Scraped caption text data
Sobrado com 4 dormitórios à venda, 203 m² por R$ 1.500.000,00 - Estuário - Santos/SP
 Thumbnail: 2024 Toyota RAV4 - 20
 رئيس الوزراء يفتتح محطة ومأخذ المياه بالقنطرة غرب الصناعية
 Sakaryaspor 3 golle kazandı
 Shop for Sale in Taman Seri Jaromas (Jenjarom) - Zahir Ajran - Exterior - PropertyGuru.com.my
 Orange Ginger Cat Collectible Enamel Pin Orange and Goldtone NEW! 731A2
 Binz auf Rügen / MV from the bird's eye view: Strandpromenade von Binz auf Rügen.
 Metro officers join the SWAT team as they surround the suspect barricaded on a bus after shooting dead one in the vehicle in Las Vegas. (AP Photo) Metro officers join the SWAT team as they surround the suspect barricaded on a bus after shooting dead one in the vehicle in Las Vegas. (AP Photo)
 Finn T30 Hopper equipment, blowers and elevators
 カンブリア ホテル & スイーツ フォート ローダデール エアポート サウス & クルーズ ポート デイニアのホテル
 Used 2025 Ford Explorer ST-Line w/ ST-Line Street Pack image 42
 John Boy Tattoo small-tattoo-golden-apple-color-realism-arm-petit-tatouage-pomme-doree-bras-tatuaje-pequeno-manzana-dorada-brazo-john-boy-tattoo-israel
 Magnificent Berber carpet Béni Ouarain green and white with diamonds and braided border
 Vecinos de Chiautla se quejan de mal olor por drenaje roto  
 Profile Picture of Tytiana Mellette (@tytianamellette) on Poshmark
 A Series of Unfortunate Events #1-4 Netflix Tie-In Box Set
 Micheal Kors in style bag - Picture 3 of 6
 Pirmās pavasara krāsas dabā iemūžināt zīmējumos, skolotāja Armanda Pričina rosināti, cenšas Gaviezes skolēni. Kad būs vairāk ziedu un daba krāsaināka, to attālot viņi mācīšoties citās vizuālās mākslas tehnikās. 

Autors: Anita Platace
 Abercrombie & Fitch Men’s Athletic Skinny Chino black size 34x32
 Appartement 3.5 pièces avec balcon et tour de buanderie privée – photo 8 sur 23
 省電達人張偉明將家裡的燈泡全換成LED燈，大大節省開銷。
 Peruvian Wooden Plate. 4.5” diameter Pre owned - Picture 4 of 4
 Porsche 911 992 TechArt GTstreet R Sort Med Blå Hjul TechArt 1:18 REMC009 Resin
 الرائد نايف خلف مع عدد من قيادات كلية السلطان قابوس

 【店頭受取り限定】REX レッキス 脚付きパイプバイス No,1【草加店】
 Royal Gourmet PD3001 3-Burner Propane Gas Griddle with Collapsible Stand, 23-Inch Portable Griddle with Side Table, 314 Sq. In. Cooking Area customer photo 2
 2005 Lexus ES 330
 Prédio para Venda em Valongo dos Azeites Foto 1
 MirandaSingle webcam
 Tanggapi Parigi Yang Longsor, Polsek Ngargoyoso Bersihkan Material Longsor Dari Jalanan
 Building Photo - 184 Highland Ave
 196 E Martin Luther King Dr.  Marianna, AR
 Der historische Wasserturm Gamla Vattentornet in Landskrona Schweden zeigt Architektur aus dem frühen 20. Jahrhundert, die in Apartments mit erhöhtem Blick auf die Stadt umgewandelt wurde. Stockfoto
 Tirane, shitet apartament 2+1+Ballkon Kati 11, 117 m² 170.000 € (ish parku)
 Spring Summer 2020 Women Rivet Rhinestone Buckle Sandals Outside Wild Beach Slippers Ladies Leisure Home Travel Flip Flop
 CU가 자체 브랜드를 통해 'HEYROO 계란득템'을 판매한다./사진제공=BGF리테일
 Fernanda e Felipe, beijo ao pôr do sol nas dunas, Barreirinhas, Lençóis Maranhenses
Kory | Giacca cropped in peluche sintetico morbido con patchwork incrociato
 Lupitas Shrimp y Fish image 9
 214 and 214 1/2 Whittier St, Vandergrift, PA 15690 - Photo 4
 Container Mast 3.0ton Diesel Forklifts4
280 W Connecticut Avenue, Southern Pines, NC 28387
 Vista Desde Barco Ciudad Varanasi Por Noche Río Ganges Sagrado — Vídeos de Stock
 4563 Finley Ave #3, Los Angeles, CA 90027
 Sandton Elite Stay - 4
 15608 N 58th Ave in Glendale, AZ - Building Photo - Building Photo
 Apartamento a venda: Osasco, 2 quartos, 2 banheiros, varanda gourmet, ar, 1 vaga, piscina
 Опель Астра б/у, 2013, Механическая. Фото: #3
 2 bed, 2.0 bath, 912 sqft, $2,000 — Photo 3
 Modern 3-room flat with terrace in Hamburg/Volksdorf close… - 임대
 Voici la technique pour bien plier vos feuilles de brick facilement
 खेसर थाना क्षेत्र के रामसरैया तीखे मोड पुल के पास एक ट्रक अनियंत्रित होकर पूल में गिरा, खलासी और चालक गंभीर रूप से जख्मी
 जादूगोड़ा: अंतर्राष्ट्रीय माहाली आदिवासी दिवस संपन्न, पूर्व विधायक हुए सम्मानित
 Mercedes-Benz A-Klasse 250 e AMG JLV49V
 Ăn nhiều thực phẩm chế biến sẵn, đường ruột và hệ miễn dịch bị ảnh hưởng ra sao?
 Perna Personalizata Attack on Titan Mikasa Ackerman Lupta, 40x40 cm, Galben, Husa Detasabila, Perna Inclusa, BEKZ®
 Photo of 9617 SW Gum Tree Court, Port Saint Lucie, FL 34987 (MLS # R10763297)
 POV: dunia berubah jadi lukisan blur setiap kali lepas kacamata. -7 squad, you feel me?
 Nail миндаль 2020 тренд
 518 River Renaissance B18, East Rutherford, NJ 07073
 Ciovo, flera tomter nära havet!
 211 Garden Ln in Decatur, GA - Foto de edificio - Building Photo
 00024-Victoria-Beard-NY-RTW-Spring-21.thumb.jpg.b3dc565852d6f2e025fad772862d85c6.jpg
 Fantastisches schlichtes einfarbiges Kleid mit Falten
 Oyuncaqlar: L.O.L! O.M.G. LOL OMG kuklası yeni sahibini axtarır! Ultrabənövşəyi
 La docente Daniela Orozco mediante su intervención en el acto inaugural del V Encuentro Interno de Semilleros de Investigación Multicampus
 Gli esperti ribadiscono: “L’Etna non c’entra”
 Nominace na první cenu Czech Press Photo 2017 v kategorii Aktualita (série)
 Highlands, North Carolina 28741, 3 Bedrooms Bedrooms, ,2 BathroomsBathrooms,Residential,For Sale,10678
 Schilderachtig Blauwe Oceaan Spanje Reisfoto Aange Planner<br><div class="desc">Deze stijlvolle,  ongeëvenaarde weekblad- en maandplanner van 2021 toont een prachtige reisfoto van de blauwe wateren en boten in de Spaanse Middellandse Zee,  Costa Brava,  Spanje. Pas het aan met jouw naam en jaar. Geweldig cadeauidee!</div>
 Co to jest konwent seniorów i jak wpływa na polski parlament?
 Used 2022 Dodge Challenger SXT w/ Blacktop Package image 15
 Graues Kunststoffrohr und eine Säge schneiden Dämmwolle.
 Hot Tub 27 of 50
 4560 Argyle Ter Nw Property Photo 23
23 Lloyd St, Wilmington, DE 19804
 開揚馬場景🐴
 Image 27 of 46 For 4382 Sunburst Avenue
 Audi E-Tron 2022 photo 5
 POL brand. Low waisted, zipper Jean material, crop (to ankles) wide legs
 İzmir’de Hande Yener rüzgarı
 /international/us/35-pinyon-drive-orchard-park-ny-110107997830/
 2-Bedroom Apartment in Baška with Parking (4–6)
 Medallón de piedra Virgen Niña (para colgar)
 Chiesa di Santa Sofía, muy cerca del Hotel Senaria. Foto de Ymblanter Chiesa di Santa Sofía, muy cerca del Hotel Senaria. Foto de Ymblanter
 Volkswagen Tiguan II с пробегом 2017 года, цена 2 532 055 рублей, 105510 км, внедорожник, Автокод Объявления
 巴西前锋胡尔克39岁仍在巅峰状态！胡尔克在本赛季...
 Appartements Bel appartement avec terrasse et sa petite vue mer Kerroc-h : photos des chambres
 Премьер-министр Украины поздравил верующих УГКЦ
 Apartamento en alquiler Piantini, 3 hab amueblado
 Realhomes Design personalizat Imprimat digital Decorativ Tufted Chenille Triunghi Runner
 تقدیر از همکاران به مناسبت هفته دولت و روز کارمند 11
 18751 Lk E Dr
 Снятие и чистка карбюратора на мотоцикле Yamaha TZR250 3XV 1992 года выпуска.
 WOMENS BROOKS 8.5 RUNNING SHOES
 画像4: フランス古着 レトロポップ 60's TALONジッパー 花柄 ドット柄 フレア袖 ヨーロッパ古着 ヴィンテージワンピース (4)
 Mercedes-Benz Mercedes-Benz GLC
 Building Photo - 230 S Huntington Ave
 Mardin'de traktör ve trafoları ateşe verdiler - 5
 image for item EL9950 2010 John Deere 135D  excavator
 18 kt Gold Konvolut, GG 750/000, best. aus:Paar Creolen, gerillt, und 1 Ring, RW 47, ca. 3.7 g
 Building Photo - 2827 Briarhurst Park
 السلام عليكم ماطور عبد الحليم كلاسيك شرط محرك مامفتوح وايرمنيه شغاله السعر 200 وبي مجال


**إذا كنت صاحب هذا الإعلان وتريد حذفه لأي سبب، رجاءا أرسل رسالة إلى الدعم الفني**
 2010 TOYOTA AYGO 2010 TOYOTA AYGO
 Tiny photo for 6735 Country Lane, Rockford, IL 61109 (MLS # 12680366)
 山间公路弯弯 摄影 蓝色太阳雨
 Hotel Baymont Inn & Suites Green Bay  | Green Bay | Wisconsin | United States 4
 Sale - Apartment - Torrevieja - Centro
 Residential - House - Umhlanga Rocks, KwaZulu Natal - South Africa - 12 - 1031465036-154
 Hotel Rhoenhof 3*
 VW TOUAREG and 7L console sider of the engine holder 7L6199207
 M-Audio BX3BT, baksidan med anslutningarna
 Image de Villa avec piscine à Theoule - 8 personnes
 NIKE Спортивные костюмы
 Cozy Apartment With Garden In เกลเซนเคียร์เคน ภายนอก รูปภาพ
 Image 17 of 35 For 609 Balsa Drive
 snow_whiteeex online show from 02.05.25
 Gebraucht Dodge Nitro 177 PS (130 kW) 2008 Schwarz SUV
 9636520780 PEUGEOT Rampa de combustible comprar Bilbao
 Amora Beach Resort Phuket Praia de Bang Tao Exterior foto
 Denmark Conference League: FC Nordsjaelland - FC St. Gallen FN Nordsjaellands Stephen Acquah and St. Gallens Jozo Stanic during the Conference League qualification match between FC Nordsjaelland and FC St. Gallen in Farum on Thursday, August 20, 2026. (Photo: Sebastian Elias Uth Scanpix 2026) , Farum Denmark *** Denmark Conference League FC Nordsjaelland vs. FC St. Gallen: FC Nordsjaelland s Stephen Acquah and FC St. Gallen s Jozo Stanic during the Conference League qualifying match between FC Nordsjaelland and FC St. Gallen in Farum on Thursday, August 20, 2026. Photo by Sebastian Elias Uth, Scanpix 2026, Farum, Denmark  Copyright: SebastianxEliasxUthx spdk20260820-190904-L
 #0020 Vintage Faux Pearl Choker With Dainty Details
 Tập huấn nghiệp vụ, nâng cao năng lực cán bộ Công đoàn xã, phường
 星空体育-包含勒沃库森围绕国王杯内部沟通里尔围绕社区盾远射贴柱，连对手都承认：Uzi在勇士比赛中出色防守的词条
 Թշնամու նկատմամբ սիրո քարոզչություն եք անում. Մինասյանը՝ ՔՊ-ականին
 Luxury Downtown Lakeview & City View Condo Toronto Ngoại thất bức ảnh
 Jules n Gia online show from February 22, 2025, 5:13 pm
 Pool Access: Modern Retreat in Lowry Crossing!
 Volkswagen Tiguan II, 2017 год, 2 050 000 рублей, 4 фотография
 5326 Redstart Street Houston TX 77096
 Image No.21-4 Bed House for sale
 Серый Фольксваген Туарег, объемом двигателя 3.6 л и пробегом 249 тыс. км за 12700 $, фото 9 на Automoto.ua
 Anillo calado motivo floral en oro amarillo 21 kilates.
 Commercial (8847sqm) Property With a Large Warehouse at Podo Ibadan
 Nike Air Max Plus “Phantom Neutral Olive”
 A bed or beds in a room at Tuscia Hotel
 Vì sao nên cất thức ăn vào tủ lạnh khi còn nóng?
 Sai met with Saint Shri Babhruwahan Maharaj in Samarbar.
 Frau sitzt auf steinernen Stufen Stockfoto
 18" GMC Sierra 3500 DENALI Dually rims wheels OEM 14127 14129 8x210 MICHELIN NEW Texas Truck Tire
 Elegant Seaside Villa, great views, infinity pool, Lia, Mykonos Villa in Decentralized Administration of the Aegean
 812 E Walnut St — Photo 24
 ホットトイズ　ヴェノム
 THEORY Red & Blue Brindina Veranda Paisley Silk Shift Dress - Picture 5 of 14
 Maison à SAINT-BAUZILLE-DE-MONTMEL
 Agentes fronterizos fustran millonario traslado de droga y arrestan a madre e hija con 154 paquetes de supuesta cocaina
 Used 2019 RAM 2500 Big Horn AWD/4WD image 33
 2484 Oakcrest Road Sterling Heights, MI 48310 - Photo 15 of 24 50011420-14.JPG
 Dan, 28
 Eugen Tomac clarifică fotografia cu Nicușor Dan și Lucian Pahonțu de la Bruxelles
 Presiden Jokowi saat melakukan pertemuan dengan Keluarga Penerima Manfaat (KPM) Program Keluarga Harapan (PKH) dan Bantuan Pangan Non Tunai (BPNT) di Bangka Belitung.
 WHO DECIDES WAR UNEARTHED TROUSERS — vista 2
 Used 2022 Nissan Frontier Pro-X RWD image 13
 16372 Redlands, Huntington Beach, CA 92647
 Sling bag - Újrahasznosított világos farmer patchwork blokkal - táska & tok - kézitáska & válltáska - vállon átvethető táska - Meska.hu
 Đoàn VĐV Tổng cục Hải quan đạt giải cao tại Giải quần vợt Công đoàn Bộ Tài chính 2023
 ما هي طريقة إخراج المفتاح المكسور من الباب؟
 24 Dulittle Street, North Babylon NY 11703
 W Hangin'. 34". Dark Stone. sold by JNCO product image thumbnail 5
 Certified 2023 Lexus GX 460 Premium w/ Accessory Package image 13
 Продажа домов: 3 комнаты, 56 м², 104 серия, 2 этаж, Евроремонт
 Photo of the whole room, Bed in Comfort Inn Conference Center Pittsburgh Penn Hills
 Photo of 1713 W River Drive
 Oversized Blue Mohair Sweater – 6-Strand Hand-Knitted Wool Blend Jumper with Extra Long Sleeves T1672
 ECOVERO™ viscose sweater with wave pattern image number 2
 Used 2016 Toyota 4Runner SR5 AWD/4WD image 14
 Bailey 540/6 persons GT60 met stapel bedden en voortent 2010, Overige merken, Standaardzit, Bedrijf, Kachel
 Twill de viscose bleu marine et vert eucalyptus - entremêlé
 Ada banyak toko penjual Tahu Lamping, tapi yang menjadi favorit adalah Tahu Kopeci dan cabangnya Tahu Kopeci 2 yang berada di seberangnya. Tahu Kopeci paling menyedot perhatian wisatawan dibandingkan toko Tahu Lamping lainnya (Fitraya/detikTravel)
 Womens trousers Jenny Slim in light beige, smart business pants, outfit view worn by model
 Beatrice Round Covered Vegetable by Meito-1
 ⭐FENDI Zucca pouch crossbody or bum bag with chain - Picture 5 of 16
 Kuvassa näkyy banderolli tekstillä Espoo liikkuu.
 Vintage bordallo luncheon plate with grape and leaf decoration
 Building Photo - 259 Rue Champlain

▶ [PROBLEM TO SOLVE]:
Your reply should be one number: how many lines in the entries above contain the word "Modern".

▶ [WRITTEN SOLUTION]:
2